_WORK TO COMPLETE_.
Write out word for word each line of the records, beginning at the first and stopping after the line with "3 Bedroom Apartment". Leave the pictures out.

_RECORD EXTRACTS_.

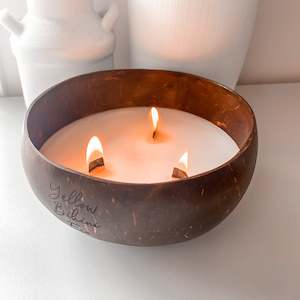coconut: Triple-wick Coconut Candle-Aloe & White Lily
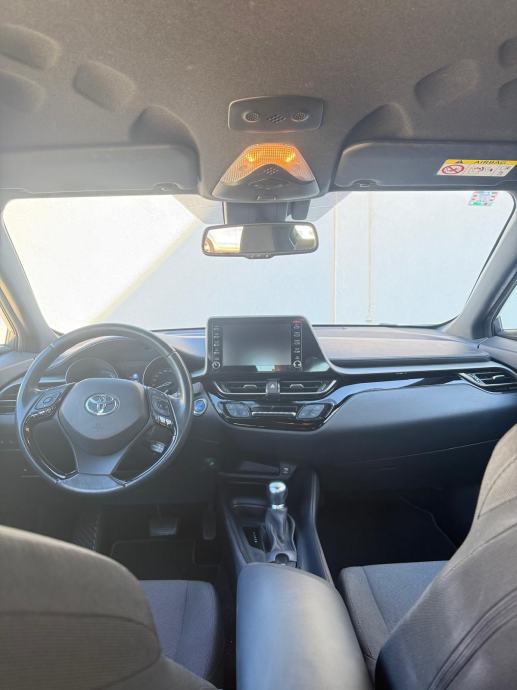 Toyota C-HR 1,8 automatik, fotografija 7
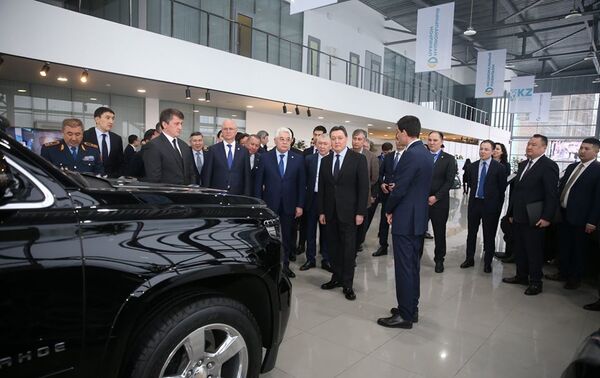 Презентация модельного ряда Chevrolet в Национальном павильоне с участием премьер-министра Казахстана Аскара Мамина - Sputnik Узбекистан
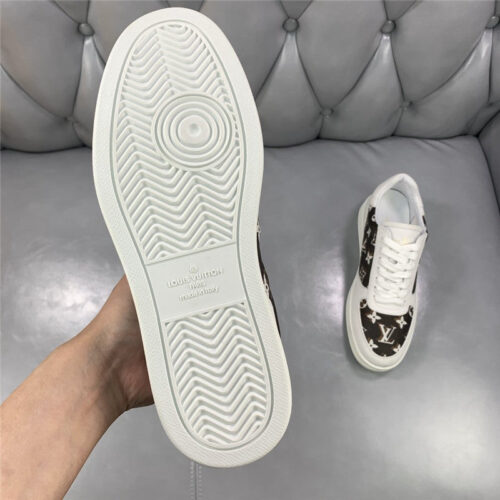 High Quality Luxury Louis Vuitton Mens Sneakers – Style 24003 product detail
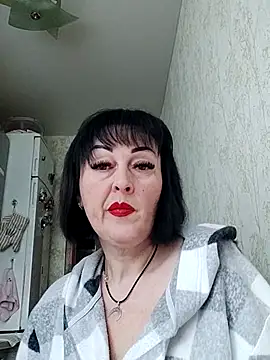 HelgaDennis online show from 17, 4, 2026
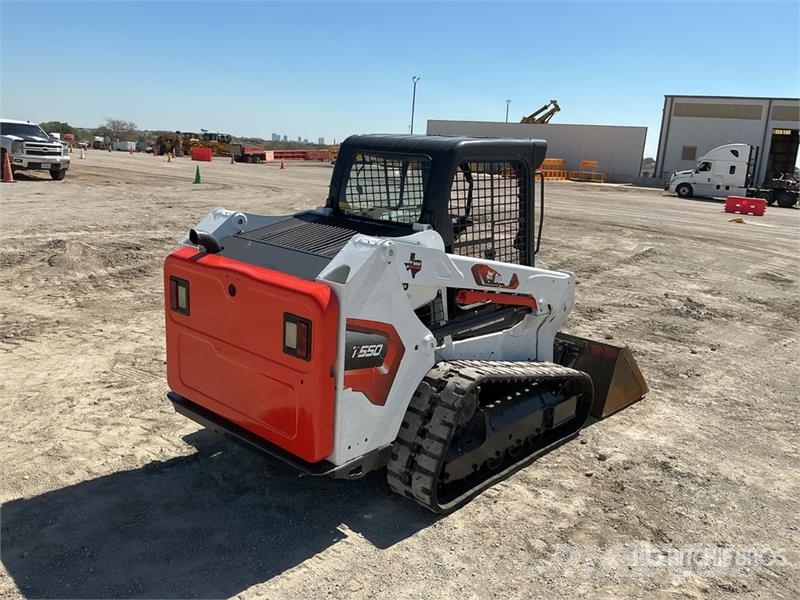 Bobcat T550 لوادر انزلاقية التوجيه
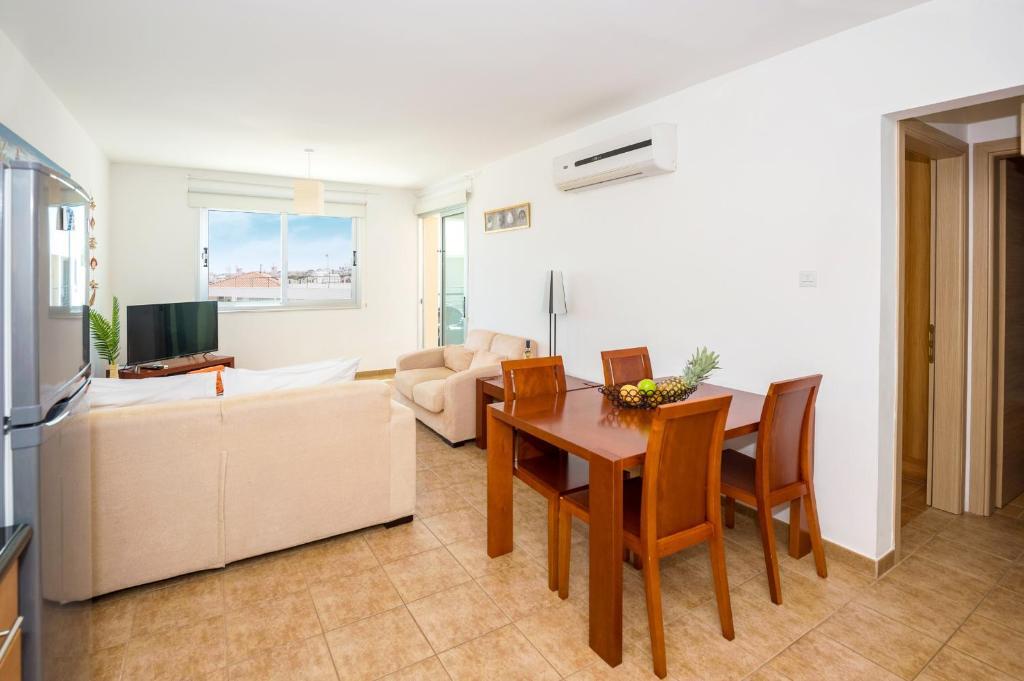 Паралимни: SEABREEZE APARTMENT 200m away from the sea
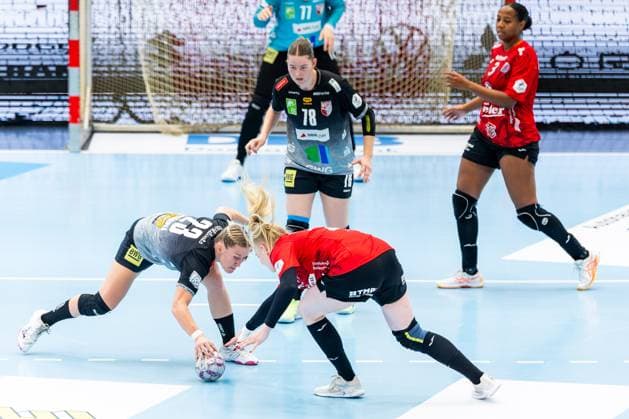 31 08 2025, GER, Handball, Women, Season 2025 2026, Alsco 1 Bl, 1 Matchday, Thueringer HC SV Union Halle Neustadt Wildcats Marie Polakova SV Union Halle Neustadt Wildcats Johanna Reichert Thueringer HC,29 99947 Bad Langensalza Salza Halle Sporthalle Mehrz Thüringen Germany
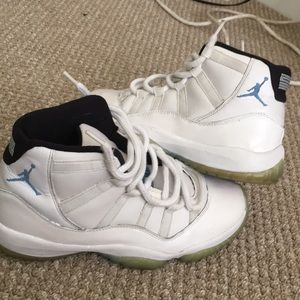 Jordan 11 Legend Blue Size 8 Mens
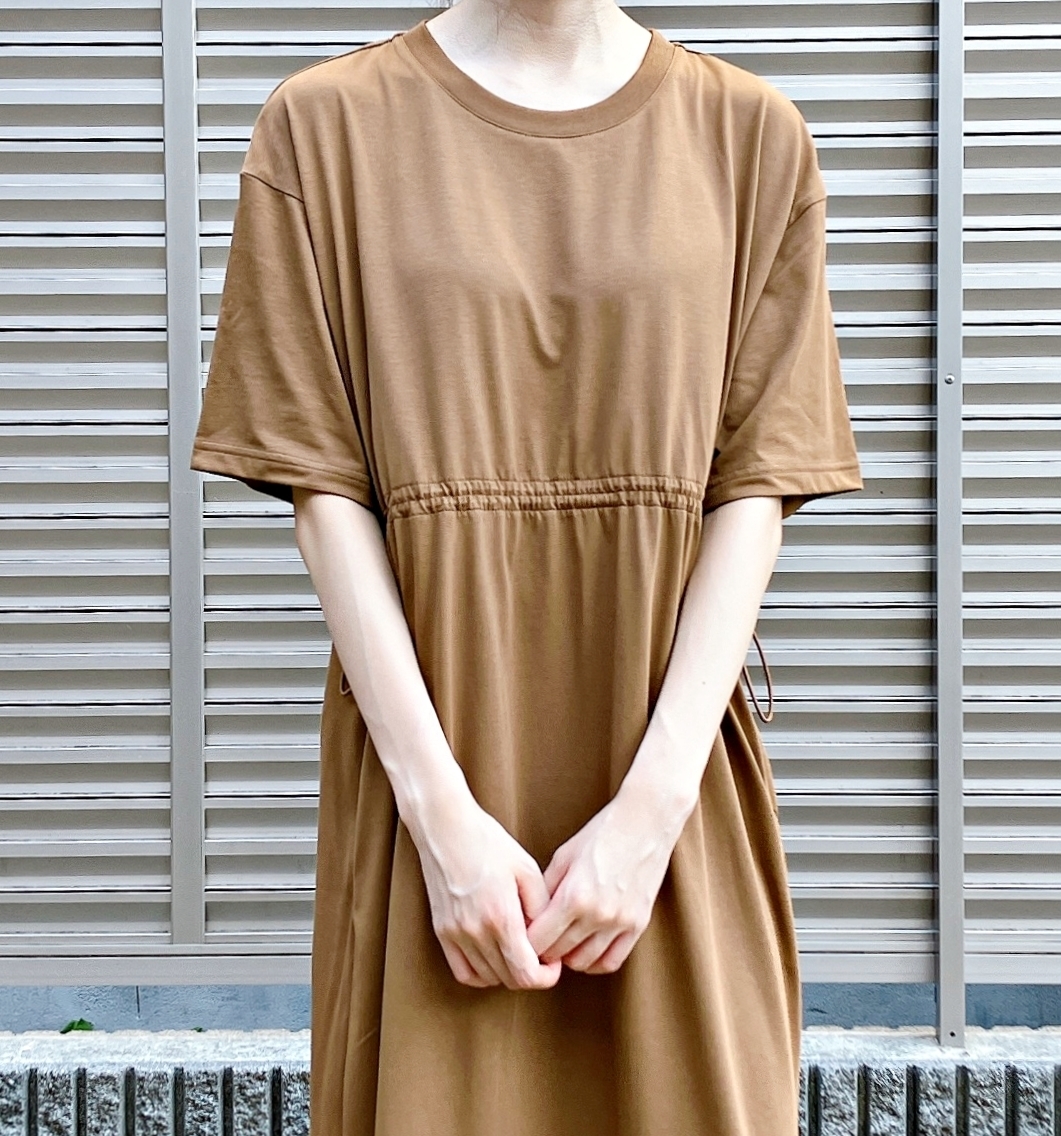 Honeys（ハニーズ）のおすすめワンピース「ドロスト使いワンピース」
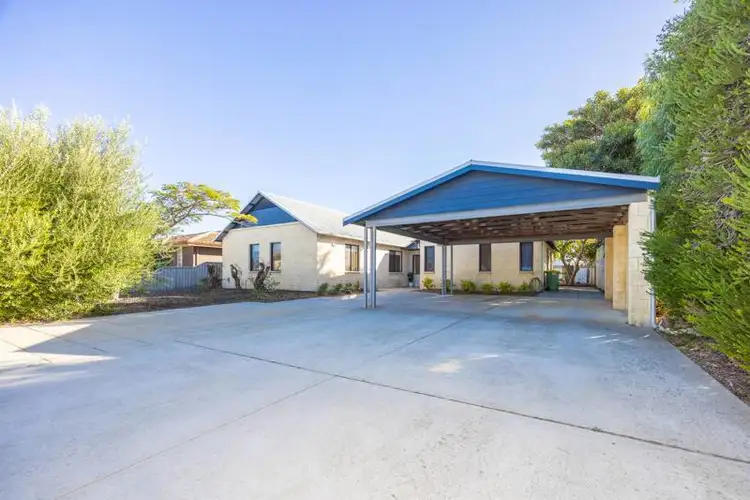 11 Tahiti Place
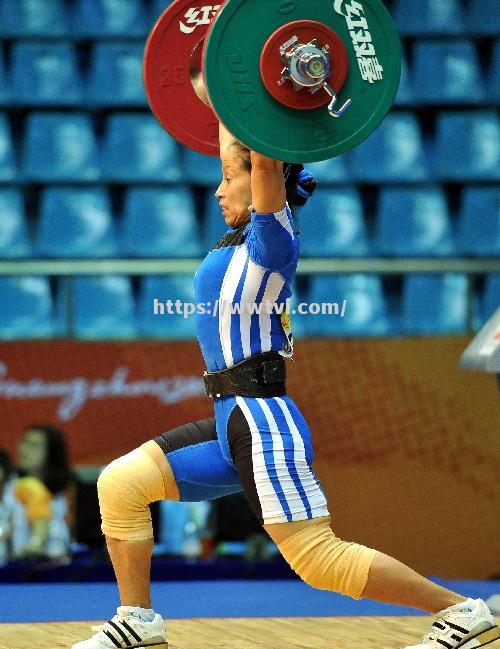 哥斯达黎加选手在举重比赛中亮相 哥斯达黎加选手在举重比赛中亮相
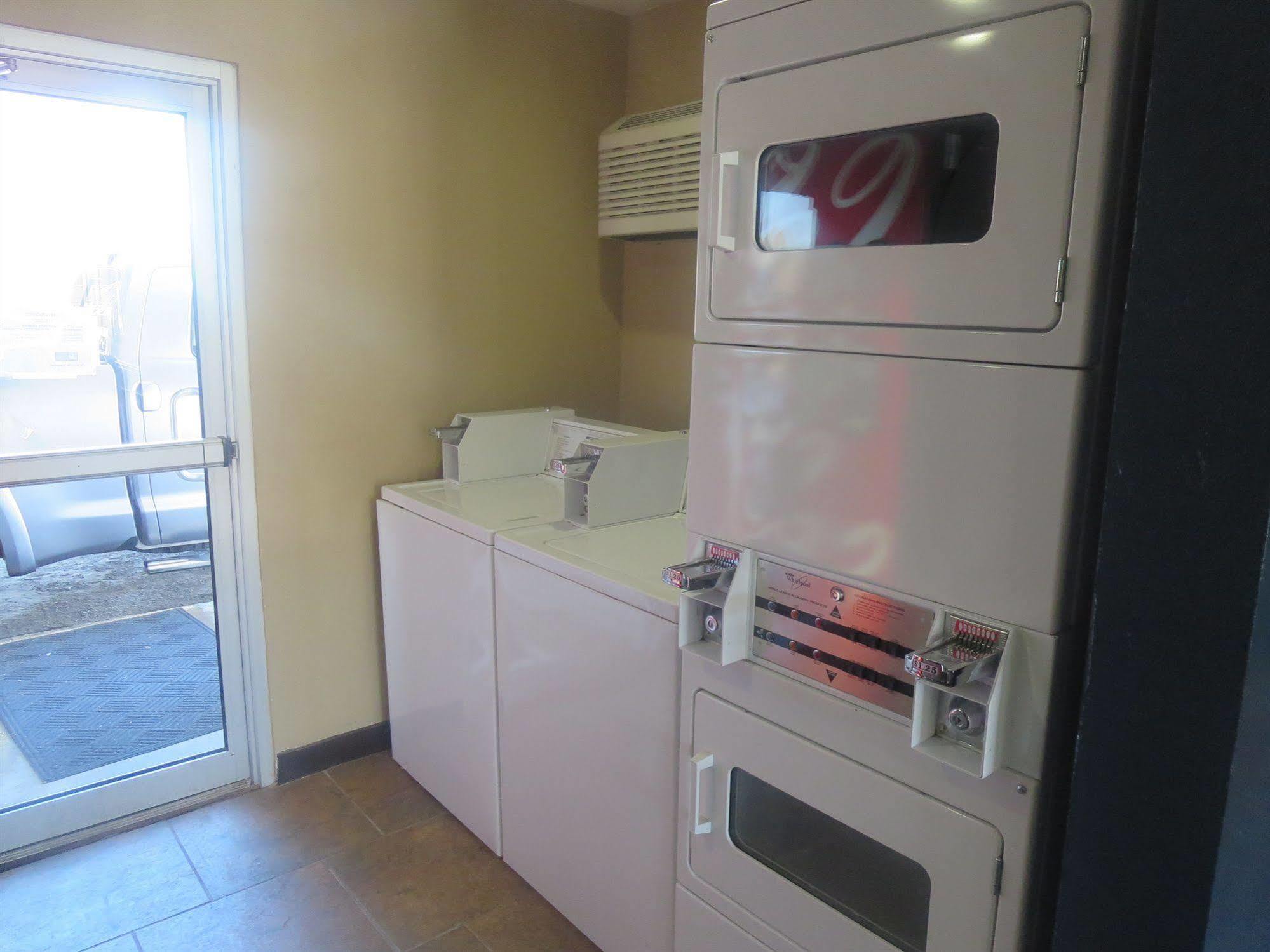 Howard Johnson By Wyndham Odessa Tx מראה חיצוני תמונה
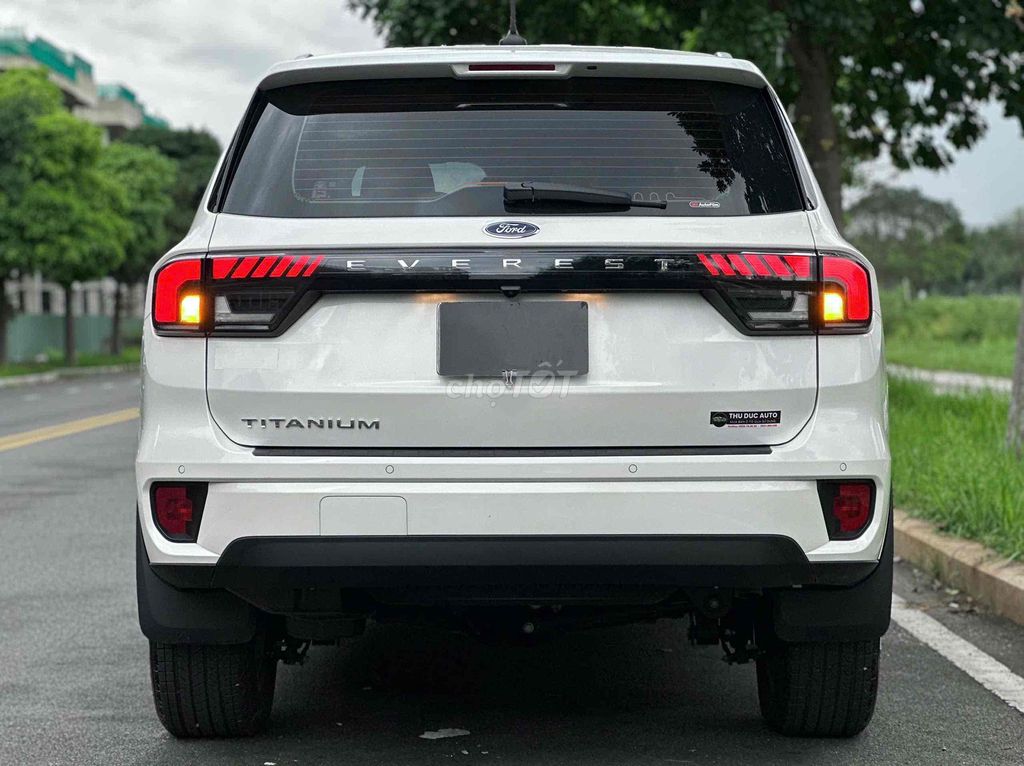 Siêu Lướt Ford Everest 2024 Titanium 2.0L 4x2 AT. Mua bán Ô tô tại Thành phố Thủ Đức Tp Hồ Chí Minh được đăng bởi Phúc Nguyên hình 4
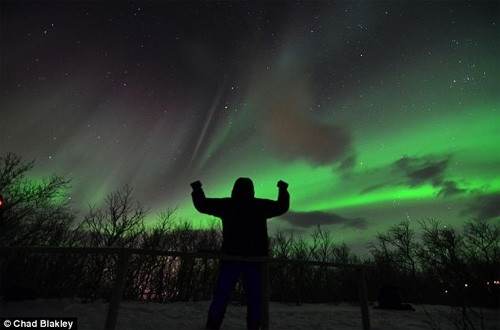 Cực quang ở phía Nam Iceland Cực quang ở gần thành phố Trondheim Nauy Cực quang ở gần thành phố Tromsoe, Bắc Nauy Hình ảnh cực quang ở Alnwick, Northumberland, Vương quốc Anh – nơi cực quang hiếm xuất hiện Vùng đất hoang Pennine tại vùng biên giới giữa County Durham và North Yorkshire Thị trấn Lakselv ở Porsanger Fjord, Nauy Donegal, Ireland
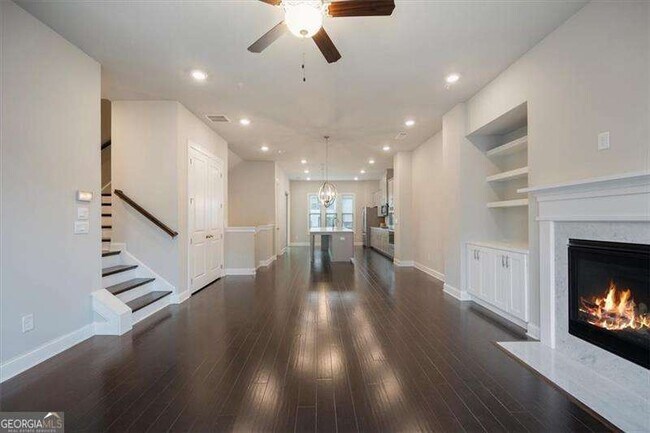 Building Photo - 1505 Slopeside Loop SE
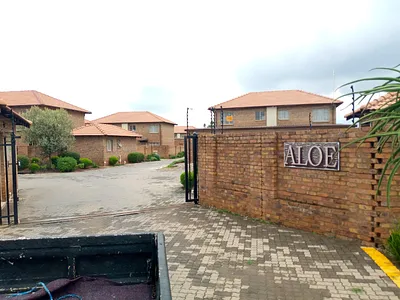 3 Bedroom Apartment For Sale in Pretoria - 19wQ.webp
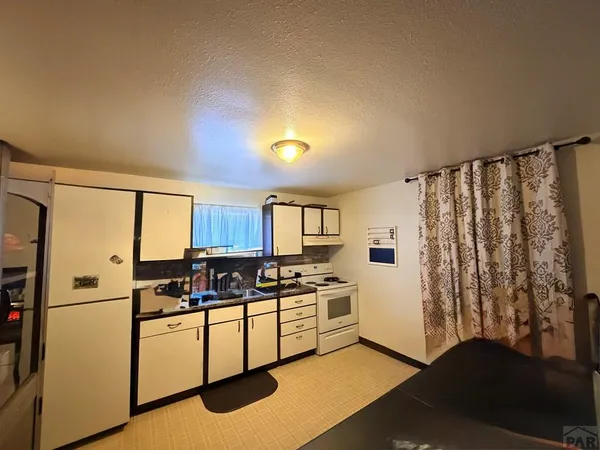 $389,900 | 2122 Norman Lane, Pueblo, CO 81005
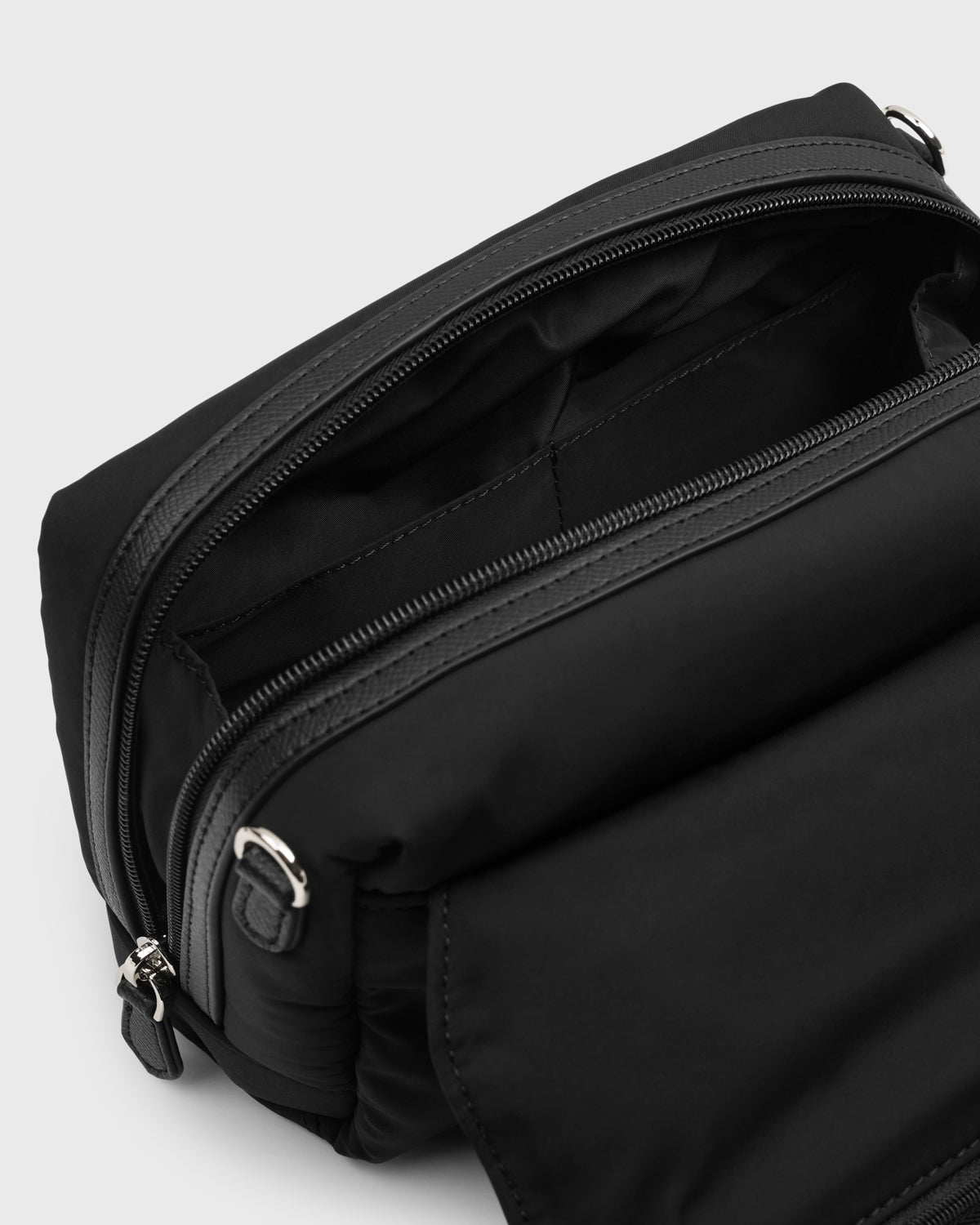 Elle Toiletry Bag (Black)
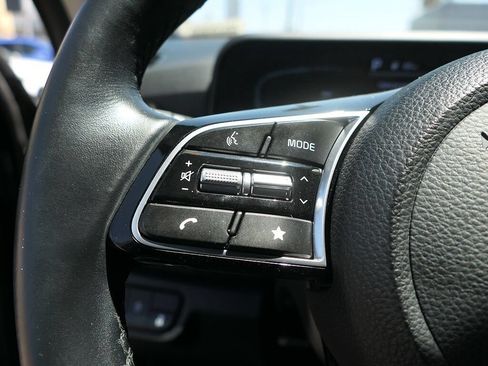 Used 2025 Kia Seltos S FWD image 15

_EXERCISE ANSWER_.
coconut: Triple-wick Coconut Candle-Aloe & White Lily
 Toyota C-HR 1,8 automatik, fotografija 7
 Презентация модельного ряда Chevrolet в Национальном павильоне с участием премьер-министра Казахстана Аскара Мамина - Sputnik Узбекистан
 High Quality Luxury Louis Vuitton Mens Sneakers – Style 24003 product detail
 HelgaDennis online show from 17, 4, 2026
 Bobcat T550 لوادر انزلاقية التوجيه
 Паралимни: SEABREEZE APARTMENT 200m away from the sea
 31 08 2025, GER, Handball, Women, Season 2025 2026, Alsco 1 Bl, 1 Matchday, Thueringer HC SV Union Halle Neustadt Wildcats Marie Polakova SV Union Halle Neustadt Wildcats Johanna Reichert Thueringer HC,29 99947 Bad Langensalza Salza Halle Sporthalle Mehrz Thüringen Germany
 Jordan 11 Legend Blue Size 8 Mens
 Honeys（ハニーズ）のおすすめワンピース「ドロスト使いワンピース」
 11 Tahiti Place
 哥斯达黎加选手在举重比赛中亮相 哥斯达黎加选手在举重比赛中亮相
 Howard Johnson By Wyndham Odessa Tx מראה חיצוני תמונה
 Siêu Lướt Ford Everest 2024 Titanium 2.0L 4x2 AT. Mua bán Ô tô tại Thành phố Thủ Đức Tp Hồ Chí Minh được đăng bởi Phúc Nguyên hình 4
 Cực quang ở phía Nam Iceland Cực quang ở gần thành phố Trondheim Nauy Cực quang ở gần thành phố Tromsoe, Bắc Nauy Hình ảnh cực quang ở Alnwick, Northumberland, Vương quốc Anh – nơi cực quang hiếm xuất hiện Vùng đất hoang Pennine tại vùng biên giới giữa County Durham và North Yorkshire Thị trấn Lakselv ở Porsanger Fjord, Nauy Donegal, Ireland
 Building Photo - 1505 Slopeside Loop SE
 3 Bedroom Apartment For Sale in Pretoria - 19wQ.webp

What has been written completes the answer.